What is being asked:
Your output should be the lines below from the one holding "FRUTOSDEL PAN" through the one holding "Sommerse photography project", transcribed exactly, with no pictures.

(Beginning of Material to process)

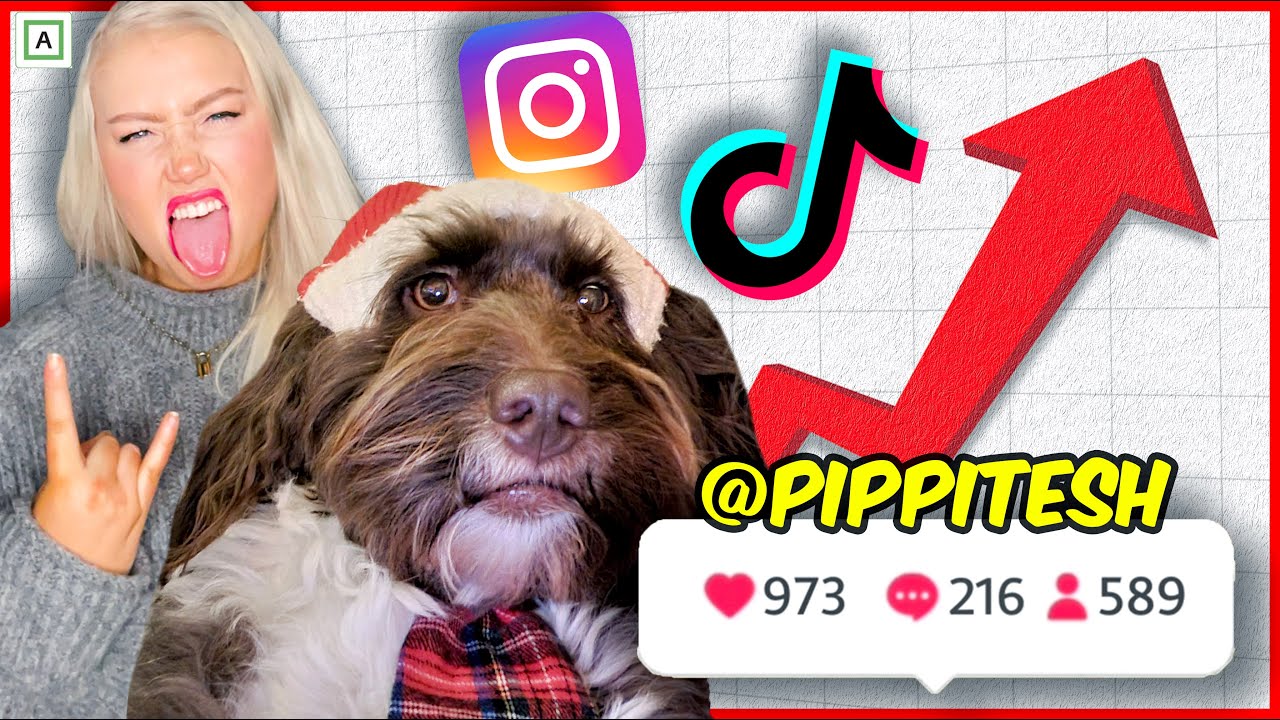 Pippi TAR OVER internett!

(End of Material to process)
(Beginning of Material to process)

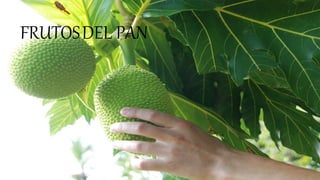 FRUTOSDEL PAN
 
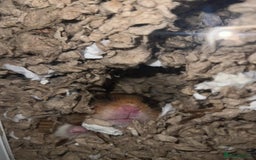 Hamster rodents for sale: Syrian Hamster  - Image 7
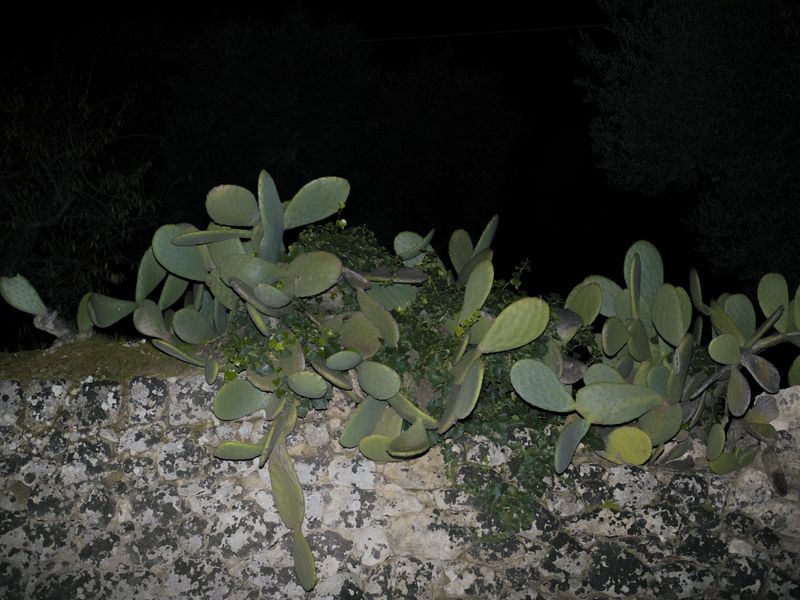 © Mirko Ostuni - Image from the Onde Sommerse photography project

(End of Material to process)

Output:
 FRUTOSDEL PAN
 
 Hamster rodents for sale: Syrian Hamster  - Image 7
 © Mirko Ostuni - Image from the Onde Sommerse photography project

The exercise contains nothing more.